→ **Exercise**:
With the pictures left aside, write out exactly the lines of the listing below from the line with "As you head" to the line with "These are all", both included, and only those.
══ Data to examine
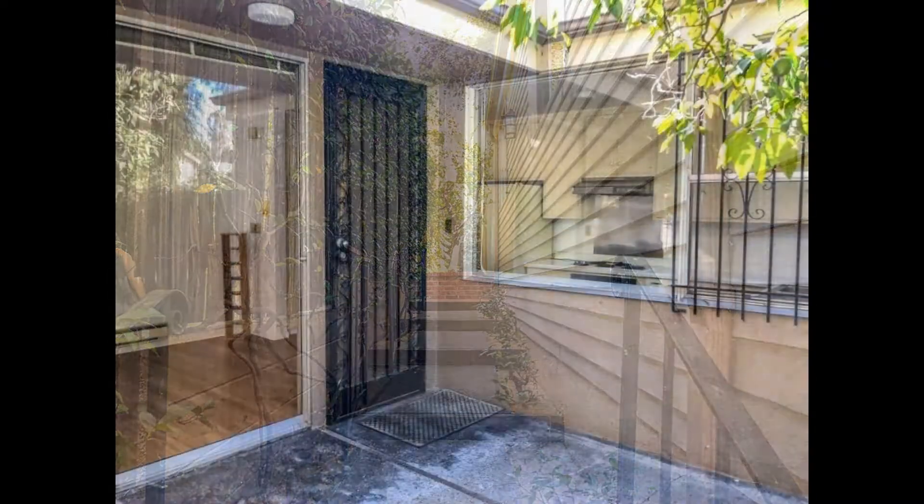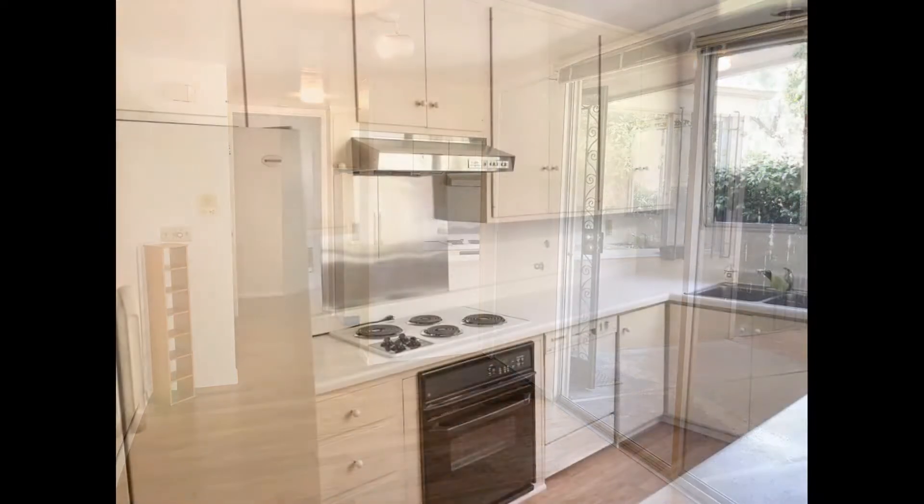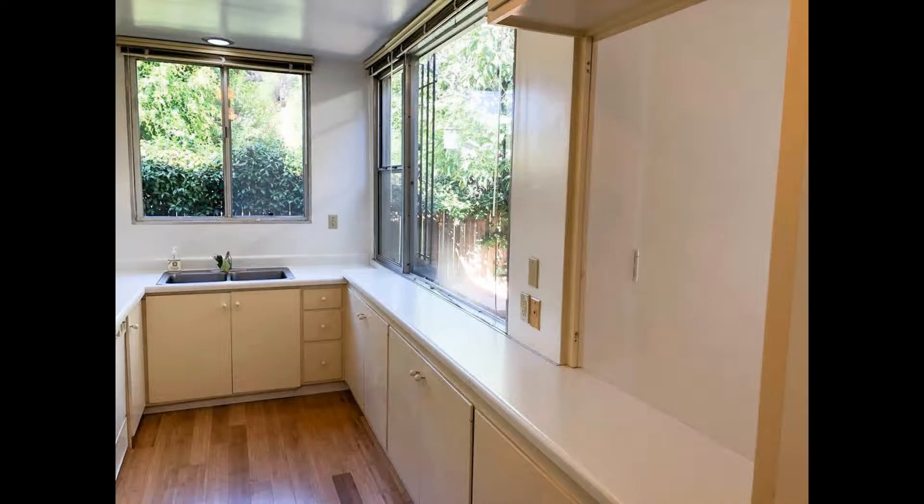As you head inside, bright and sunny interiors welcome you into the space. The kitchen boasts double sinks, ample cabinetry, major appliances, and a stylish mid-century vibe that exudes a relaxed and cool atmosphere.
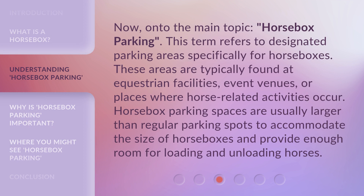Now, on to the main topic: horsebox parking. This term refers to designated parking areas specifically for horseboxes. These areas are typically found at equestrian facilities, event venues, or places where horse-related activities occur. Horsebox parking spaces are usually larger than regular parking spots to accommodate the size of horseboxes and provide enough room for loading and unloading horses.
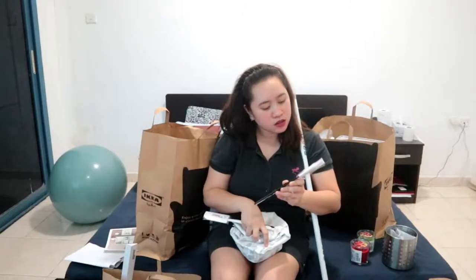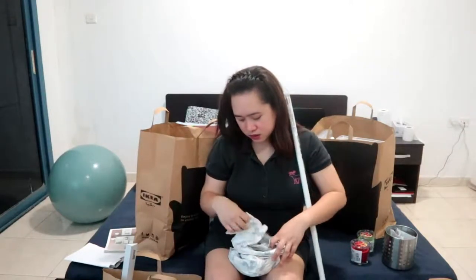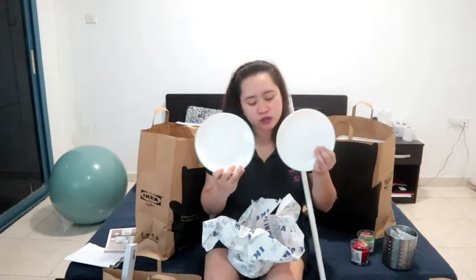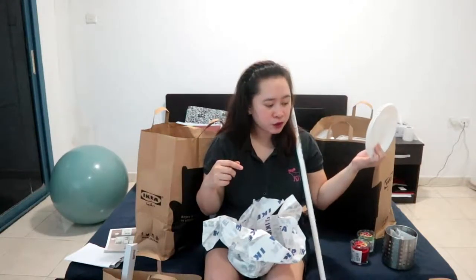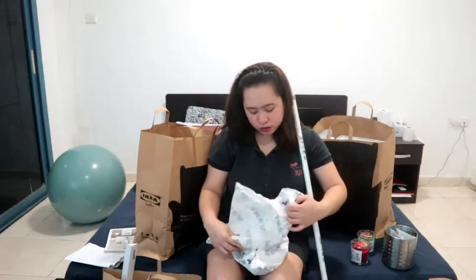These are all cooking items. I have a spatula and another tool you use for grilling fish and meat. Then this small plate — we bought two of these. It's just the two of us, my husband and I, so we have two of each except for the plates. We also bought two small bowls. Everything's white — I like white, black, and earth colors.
════
══ Data to examine
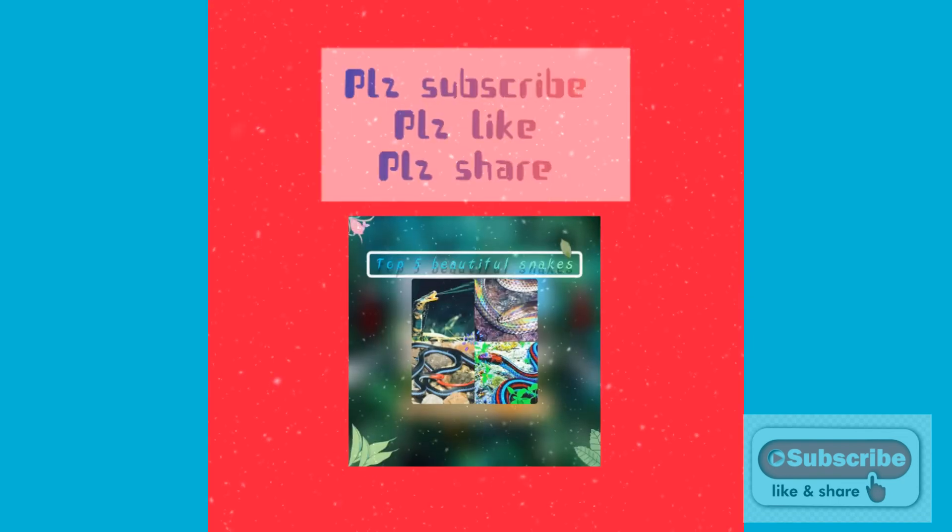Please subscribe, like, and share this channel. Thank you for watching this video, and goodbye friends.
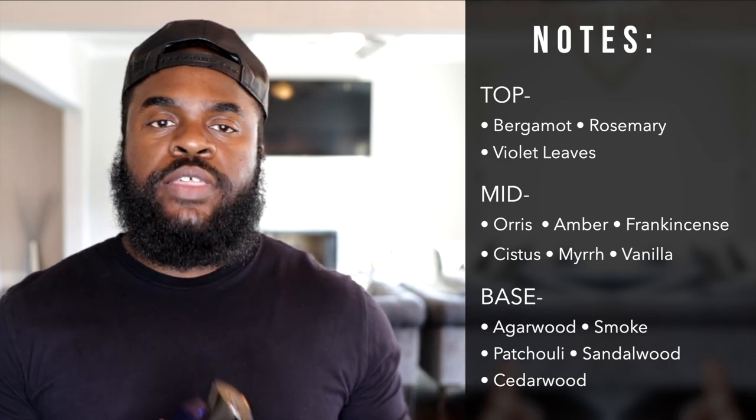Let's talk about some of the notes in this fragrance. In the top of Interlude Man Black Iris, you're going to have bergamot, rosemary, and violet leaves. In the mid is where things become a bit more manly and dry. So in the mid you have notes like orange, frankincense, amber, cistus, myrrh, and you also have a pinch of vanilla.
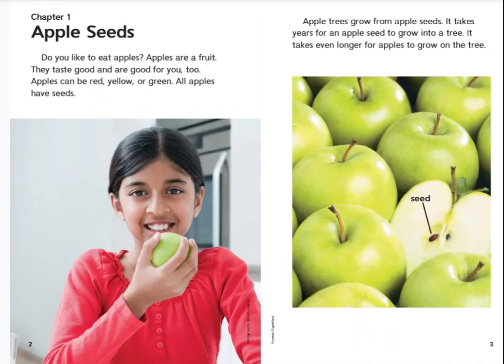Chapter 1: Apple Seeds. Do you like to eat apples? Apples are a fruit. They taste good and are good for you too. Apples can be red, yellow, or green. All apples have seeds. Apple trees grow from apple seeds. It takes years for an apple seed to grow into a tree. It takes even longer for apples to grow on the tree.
════
→ **Task response**:
As you head inside, bright and sunny interiors welcome you into the space. The kitchen boasts double sinks, ample cabinetry, major appliances, and a stylish mid-century vibe that exudes a relaxed and cool atmosphere.
Now, on to the main topic: horsebox parking. This term refers to designated parking areas specifically for horseboxes. These areas are typically found at equestrian facilities, event venues, or places where horse-related activities occur. Horsebox parking spaces are usually larger than regular parking spots to accommodate the size of horseboxes and provide enough room for loading and unloading horses.
These are all cooking items. I have a spatula and another tool you use for grilling fish and meat. Then this small plate — we bought two of these. It's just the two of us, my husband and I, so we have two of each except for the plates. We also bought two small bowls. Everything's white — I like white, black, and earth colors.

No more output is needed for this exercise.